Even with a leveraged EFSF, the ECB will have to continue to intervene in order to stabilize Italy, Financial Times Deutschland and Frankfurter Allgemeine Zeitung report. FAZ quotes the draft conclusion of tomorrow’s euro summit, in which heads of state and government support the ECB in continuing to buy government bonds. But according to commission sources cited by the paper this is supposed to be understood as a formal instruction. The stories reveal that Angela Merkel’s assertion that the ECB would not be involved in the ECB was at best misleading. In reality, Nicolas Sarkozy seems to have gotten his way in assuring that there will be a continued ECB back-up even after the EFSF is up and running. The whole idea is based, of course, on the assumption that Mario Draghi will continue to buy government bonds of Italy and the other crisis countries. The news will further complicate Merkel’s efforts to get the Bundestag’s support because one of her main arguments for the enhanced EFSF was so far that it would relieve the ECB from its burden and allow it to regain its independence.

 

Recapitalisation plans may hit Italy, Spain and Portugal most


Italian, Portuguese and Spanish banks will be most affected by a €100bn recapitalisation plan, while their counterparts in the UK, Germany and France may avoid raising additional funds, Bloomberg reports. Policy makers may force banks to boost core-tier 1 capital to 9% of risk-weighted assets by the end of June, two people with knowledge of the talks said. Lenders may be able to mark up the value of bonds that are trading above face value, allowing them to mitigate the cost of writing down their southern European sovereign debt, the people said.

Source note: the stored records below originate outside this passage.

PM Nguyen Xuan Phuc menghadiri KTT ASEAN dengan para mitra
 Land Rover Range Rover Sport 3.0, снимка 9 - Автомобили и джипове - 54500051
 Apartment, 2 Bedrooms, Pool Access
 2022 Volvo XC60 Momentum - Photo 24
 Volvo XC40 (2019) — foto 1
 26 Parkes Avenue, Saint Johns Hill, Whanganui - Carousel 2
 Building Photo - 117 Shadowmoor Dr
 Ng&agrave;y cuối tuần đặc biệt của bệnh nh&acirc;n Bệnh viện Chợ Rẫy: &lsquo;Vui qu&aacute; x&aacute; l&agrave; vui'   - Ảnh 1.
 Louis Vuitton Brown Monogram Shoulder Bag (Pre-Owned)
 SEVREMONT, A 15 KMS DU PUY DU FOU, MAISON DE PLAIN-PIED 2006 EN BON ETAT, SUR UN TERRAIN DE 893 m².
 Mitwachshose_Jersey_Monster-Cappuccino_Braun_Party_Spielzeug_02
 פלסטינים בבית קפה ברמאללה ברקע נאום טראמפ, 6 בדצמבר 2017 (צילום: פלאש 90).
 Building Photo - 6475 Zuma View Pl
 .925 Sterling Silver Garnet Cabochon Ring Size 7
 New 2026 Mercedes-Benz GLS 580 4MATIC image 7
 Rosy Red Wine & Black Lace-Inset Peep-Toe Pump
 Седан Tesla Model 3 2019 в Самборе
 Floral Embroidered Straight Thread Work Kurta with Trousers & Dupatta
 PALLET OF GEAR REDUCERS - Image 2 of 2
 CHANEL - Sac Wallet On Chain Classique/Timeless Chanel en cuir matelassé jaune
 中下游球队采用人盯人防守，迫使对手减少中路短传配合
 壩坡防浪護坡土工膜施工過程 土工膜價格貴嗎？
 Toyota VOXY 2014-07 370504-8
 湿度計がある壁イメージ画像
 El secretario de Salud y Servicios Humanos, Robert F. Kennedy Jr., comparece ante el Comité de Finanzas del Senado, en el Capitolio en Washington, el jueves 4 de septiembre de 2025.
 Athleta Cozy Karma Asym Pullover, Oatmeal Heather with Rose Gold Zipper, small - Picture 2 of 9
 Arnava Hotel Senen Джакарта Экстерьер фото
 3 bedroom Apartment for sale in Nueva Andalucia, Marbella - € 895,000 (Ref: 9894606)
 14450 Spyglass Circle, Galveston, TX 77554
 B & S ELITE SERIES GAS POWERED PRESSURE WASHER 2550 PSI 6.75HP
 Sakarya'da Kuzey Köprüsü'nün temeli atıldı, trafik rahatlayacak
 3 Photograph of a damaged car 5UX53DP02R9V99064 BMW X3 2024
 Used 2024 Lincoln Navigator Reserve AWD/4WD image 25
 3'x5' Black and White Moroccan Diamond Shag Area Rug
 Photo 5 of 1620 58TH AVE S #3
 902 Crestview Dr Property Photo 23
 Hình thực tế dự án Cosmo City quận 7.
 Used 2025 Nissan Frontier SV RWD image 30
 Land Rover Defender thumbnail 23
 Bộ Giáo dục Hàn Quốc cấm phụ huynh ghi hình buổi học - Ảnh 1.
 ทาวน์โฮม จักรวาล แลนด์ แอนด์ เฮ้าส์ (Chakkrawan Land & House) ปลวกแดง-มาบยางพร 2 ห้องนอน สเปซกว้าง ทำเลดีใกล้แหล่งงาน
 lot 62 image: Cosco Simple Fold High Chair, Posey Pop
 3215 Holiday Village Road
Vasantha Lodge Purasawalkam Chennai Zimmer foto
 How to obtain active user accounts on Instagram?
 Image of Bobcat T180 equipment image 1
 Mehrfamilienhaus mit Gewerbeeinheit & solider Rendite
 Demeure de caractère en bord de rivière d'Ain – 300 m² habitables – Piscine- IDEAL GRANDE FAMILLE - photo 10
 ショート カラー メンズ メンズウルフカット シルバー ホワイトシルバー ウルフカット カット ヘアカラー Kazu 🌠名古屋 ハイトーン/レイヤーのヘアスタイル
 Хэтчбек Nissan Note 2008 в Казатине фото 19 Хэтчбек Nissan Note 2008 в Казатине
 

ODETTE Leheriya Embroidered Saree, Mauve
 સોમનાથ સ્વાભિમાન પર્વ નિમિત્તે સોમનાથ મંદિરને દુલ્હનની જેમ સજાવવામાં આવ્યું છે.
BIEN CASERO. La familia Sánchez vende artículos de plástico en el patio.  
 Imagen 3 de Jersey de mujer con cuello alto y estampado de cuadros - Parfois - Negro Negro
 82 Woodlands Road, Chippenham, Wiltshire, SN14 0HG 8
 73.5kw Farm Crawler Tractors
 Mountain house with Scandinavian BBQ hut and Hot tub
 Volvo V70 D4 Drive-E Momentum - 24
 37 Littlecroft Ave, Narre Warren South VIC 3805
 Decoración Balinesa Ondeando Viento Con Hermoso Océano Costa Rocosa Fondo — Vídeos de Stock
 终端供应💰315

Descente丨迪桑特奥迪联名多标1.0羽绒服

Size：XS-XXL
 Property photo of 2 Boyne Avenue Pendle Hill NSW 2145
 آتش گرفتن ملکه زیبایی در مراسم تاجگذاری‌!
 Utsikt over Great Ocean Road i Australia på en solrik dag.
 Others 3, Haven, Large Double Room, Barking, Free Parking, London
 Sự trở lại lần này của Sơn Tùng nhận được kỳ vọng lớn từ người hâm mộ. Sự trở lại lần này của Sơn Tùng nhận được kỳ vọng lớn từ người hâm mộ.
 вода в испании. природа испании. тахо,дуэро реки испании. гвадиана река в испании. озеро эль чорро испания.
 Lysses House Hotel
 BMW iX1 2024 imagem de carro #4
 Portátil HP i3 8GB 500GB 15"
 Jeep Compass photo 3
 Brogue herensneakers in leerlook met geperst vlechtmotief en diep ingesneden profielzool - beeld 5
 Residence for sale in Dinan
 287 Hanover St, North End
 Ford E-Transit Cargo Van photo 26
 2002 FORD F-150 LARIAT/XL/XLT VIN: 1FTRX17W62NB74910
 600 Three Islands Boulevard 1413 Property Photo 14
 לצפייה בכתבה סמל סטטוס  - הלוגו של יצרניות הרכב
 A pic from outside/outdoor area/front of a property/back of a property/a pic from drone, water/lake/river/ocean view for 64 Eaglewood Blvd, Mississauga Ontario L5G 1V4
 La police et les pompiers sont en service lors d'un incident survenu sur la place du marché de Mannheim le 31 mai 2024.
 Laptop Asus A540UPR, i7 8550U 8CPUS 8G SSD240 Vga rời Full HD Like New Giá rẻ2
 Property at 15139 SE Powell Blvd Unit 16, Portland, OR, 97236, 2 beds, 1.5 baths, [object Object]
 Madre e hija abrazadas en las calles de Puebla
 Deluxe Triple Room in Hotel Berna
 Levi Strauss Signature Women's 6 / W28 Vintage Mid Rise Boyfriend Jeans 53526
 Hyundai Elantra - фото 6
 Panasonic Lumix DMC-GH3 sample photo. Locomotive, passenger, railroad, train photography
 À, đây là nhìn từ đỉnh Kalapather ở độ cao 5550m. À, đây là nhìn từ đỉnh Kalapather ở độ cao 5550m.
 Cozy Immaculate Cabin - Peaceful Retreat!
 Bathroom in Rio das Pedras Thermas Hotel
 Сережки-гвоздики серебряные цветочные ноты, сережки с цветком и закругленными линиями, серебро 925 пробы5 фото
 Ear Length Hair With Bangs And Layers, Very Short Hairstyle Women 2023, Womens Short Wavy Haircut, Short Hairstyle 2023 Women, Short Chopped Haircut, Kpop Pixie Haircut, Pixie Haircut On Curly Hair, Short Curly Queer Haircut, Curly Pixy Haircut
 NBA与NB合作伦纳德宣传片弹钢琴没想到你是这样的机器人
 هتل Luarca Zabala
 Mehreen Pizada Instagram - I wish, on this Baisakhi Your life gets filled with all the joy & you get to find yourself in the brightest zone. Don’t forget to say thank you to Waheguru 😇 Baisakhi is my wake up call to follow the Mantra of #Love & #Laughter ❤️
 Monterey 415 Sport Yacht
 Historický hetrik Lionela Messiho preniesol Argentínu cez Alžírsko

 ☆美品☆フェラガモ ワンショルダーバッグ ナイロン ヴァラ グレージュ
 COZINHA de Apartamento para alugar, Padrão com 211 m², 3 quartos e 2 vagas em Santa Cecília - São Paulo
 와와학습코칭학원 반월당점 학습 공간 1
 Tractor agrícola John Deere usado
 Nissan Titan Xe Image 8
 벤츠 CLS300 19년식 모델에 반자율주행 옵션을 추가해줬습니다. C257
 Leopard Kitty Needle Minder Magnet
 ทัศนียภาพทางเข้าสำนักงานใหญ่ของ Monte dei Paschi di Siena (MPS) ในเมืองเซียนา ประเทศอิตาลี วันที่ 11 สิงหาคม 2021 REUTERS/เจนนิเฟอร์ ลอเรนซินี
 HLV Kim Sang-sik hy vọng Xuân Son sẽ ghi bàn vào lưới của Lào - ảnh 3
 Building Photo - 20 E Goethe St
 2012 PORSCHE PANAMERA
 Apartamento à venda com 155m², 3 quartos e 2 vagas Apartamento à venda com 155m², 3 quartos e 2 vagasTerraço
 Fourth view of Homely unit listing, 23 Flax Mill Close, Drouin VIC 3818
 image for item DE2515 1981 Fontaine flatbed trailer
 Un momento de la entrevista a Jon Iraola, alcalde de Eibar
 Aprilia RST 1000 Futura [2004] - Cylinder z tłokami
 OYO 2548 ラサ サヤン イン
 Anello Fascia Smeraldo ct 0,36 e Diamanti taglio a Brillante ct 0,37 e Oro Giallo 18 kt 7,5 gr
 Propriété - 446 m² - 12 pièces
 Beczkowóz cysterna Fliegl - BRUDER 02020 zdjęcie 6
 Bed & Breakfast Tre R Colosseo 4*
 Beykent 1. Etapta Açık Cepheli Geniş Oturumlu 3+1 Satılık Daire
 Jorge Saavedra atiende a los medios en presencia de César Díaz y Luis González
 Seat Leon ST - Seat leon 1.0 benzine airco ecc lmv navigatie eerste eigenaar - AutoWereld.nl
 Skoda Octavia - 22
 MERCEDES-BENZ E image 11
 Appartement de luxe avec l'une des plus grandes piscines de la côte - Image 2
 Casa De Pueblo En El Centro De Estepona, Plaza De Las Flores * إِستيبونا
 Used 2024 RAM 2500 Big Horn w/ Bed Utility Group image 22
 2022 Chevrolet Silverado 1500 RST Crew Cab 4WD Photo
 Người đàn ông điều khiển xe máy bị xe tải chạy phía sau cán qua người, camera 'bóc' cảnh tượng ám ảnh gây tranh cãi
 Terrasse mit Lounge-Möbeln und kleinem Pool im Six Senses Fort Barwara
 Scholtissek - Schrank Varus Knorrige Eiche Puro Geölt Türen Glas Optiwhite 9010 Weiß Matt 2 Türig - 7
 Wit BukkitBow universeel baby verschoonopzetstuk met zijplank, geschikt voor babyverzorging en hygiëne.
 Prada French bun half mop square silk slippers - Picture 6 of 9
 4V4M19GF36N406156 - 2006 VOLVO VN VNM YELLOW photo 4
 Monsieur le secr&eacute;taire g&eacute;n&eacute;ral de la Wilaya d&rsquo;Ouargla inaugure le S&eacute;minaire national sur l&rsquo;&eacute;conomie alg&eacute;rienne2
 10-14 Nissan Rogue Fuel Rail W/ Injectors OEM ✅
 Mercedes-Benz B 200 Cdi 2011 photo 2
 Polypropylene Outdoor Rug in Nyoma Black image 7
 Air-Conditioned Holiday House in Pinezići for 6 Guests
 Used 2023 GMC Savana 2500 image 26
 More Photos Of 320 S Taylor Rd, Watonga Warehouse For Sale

That may benefit UK and German lenders, whose biggest holdings of bonds are those issued by their own governments, and may also allow French banks to avoid further capital increases.

 

George Soros on what it now takes to save the euro


George Soros has made a seven-point proposal on what it now takes to save the euro (not one of which is likely be politically acceptable.) The first is to negotiate a Treaty with the view to establish a fiscal union, while the ECB would immediately act as a lender of last resort (note, this is just one point). Second, EFSF takes over all Greek bonds held by ECB and IMF;

EFSF would then guarantee the banking system;

banking supervision moved to ECB;

ECB instructs banks to maintain credit lines;

ECB lowers interest rates to help governments raise short-term treasury bills;

markets will conclude that eurozone solves the problem in the short- and the long-term. Crisis over.

 

(It is quite clear that the actions needed to save the eurozone are miles apart from what is being discussed and likely to be politically acceptable. This is why the probability of a collapse of the eurozone is now rising.)

 

In an EU referendum 49% of UK citizens would vote for withdrawal


A poll for the Guardian suggests that two third of UK citizens wish to hold a referendum on the country’s membership in the EU., 49% would vote for withdrawal though there are marked differences across the age range.  Just 28% of the youngest voters aged 18-24 would vote to quit the EU, but there are 63% of those aged 65 and over would do the same.  An outright majority of Tory voters – some 56% – would vote to leave, as against 34% who would prefer to stay in. By contrast among Labour and Liberal Democrats, there are majorities for staying in Europe, although there are also sizeable minorities– 38% and 44% respectively – who would vote to get out.

 

Berlusconi: Shall I kill Lorenzo Bini Smaghi? (Of course not)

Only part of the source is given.